Das musst du wissen
- Ohne Blattwerk ist ein Baum unter normalen Umständen nicht überlebensfähig.
- Forscher in Neuseeland haben nun einen Stumpf entdeckt, der von Nachbarn mit Wasser und Mineralien versorgt wird.
- Das könnte darauf hindeuten, dass ein Wald mehr als eine Sammlung von Bäumen ist – sondern ein Superorganismus.
Beim Wandern auf der Nordinsel Neuseelands machen zwei Forscher eine interessante Entdeckung: Sie begegneten einem einsamen Baumstumpf, der kein Blattwerk hatte und dennoch lebendig schien – so trat etwa Saft aus ihm aus. Ohne Blätter sind Bäume eigentlich nicht überlebensfähig.
Um dem Phänomen auf den Grund zu gehen, massen Sebastian Leuzinger und Martin Bader von der Auckland University of Technology die Wasserflüsse des Stumpfs und zweier naheliegender Bäume – alles Exemplare des Neuseeländischen Kauri-Baums (Agathis australis).

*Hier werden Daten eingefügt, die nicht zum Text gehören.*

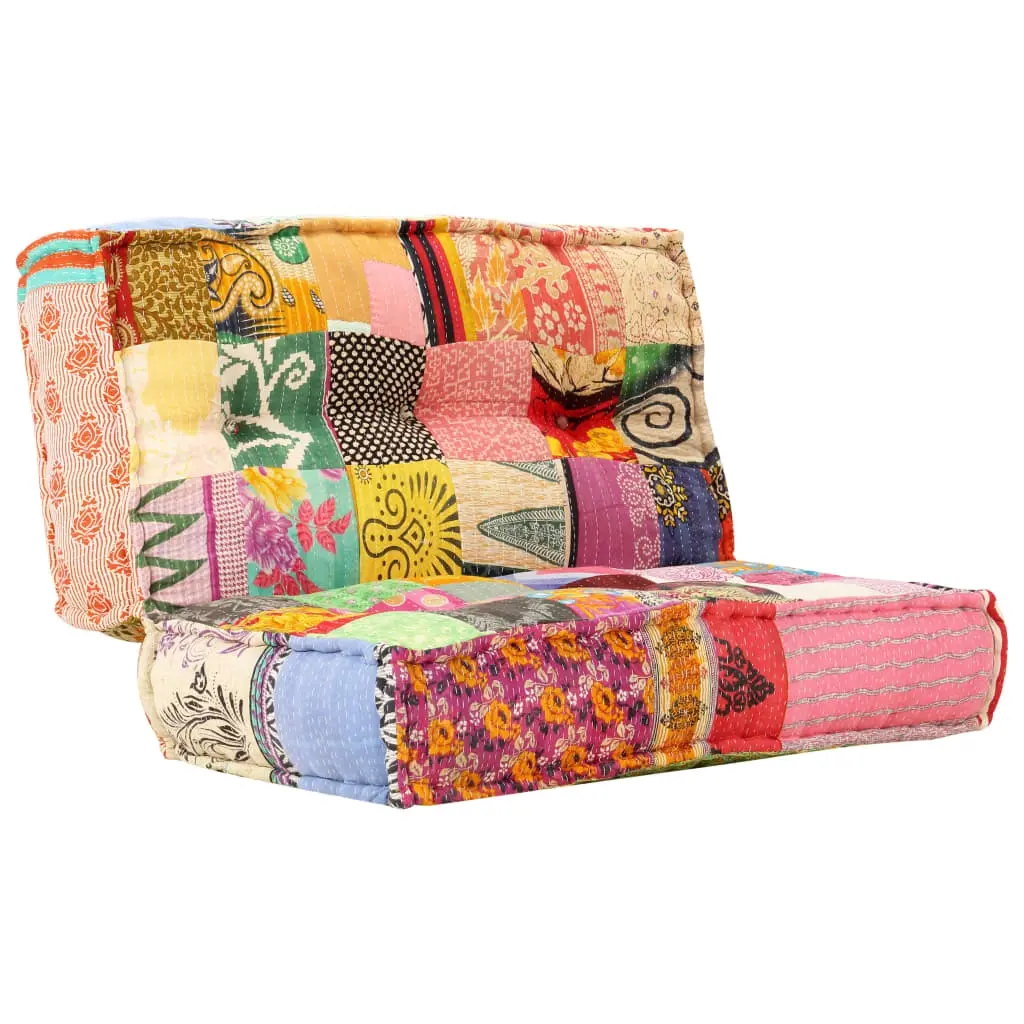 Pouffe 100x100x20 cm Patchwork Fabric 283792 - Home & Garden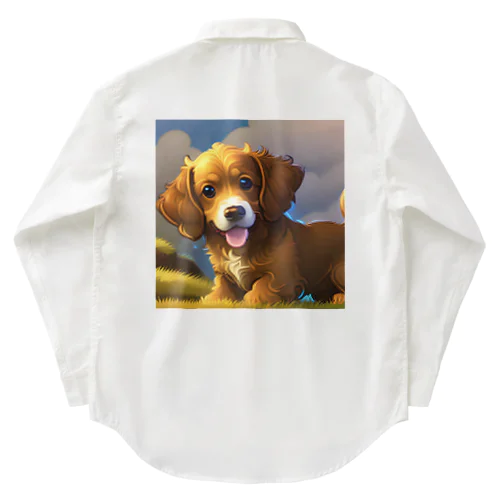 かわいい犬のイラストグッズ ワークシャツ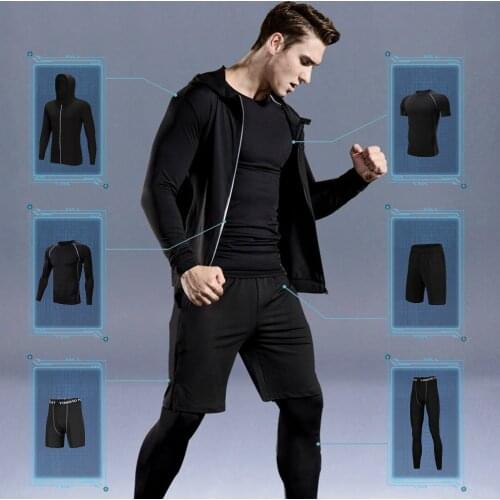 WorthWhile 6 Pcs/Set Sports Tracksuit Men Compression Suit Gym Fitness Clothes Running Set Jogging Training Workout Sport Wear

Nach mehreren Wochen zeigte sich: Wenn das Wasser bei den Nachbarn fliesst, ist es im Stumpf ruhig und umgekehrt. Ein klarer Hinweis darauf, dass die Wurzeln mit einer Art Schnittstelle verknüpft sind. Bei gesunden Bäumen wird der Wasserfluss durch die Verdunstung gesteuert, doch ohne Blätter ist der Baumstumpf auf den Rhythmus der Nachbarn angewiesen.
«Das hat weitreichende Konsequenzen über unser Verständnis von Bäumen», sagt Leuzinger laut einer Mitteilung zur Studie, die er und Baumann im Fachblatt iScience veröffentlicht haben. «Möglicherweise haben wir es nicht mit Bäumen als Individuen zu tun, sondern mit dem Wald als Superorganismus.»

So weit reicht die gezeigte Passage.